The star of the Serpentine Pavilion is the main structure by Bjarke Ingels Group (BIG) – an exciting practice with offices in Copenhagen, New York and from this week London with a strong focus on sustainability and finding new solutions for urban living. We have reported extensively on BIG in the past.

For the 2016 Serpentine project, some 1,802 modular boxes of equal proportions form both the structure and envelope creating quite a dramatic vista. ‘This is a small structure in a gigantic park,’ mused the founder Bjarke Ingels at the unveiling of the building earlier this week on an equally dramatic English summer’s day as the sky turned abruptly from bright blue to darkness and thunderstorms.

These 400 by 500mm lightweight fibreglass frames are stacked on top of one another and joined by aluminium extrusions transferring the load from box to box for what Ingels calls an ‘unzipped wall’. He explains: ‘This unzipping of the wall turns the line into a surface, transforming the wall into a space’ so the promise is for the complex three-dimensional space it reveals to be explored in new and exciting ways.
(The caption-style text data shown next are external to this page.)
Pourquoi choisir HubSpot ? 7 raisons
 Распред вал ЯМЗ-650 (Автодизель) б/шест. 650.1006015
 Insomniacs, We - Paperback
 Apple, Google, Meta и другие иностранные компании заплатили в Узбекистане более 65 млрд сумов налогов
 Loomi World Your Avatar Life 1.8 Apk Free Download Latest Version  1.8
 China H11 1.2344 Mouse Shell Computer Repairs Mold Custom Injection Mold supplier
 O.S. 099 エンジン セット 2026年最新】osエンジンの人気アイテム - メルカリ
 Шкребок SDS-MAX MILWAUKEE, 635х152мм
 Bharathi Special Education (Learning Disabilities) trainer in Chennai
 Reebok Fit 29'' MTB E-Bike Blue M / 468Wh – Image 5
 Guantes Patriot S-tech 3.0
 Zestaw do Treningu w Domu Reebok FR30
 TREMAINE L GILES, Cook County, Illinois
Much like the fifteen pavilions that came before, BIG’s installation will house park goers by day, and in the evenings transform into a space for talks and debates on visual culture in Park Nights. ‘It embodies multiple aspects that are often perceived as opposites,’ says the architect, ‘a structure that is free-form yet rigorous, modular yet sculptural, both transparent and opaque, both solid box and blob.’ In October, when the building is dismantled, these prefabricated modular boxes will find new lives elsewhere in different forms and shapes.

Queen Caroline’s Temple sits a stone’s throw away from BIG’s bold project, and for the second part of the Pavilion project, the organisers have tasked four architects, ranging in age from 36 to 93, to respond to the summer house with very different answers.

Kunlé Adeyemi‘s is a classic summer house – a space for shelter. The form is an inverse replica of Queen Caroline’s that plays tribute to the original building’s robust form, space and material, says the Nigerian architect.

Barkow Leibinger chose to work with a second building William Kent had designed for Queen Caroline that no longer exists. It had been erected at the top of the hill nearby and would rotate 360-degrees so viewers could survey Kensington Gardens and the lake. Here the American/German firm has created a structure made of loops with a series of undulating structural bands as a nod to this vanished second summer house.

Elsewhere, Yona Friedman’s is a maze of modular wireframes expanding on the Hungarian/French architects La Ville Spatiale 1950s project. Here, the structure is a ‘space-chain’, which constitutes a fragment of a larger grid structure.

Lastly, the youngest of the group, London-based Asif Khan’s project is a secluded courtyard that reflects sunlight. He explains: ‘Kent aligned the temple towards the direction of the rising sun on 1 March 1683, Queen Caroline’s birthday.’ And his polished metal platform and roof aim to provide an intimate experience of this moment in history.

‘There should be no end to experimentation,’ says the Serpentine Pavilion co-founder Hans Ulrich Obrist, quoting the late Zaha Hadid who was the first architect to offer her pavilion design sixteen years ago, years before she had created an actual building in the UK.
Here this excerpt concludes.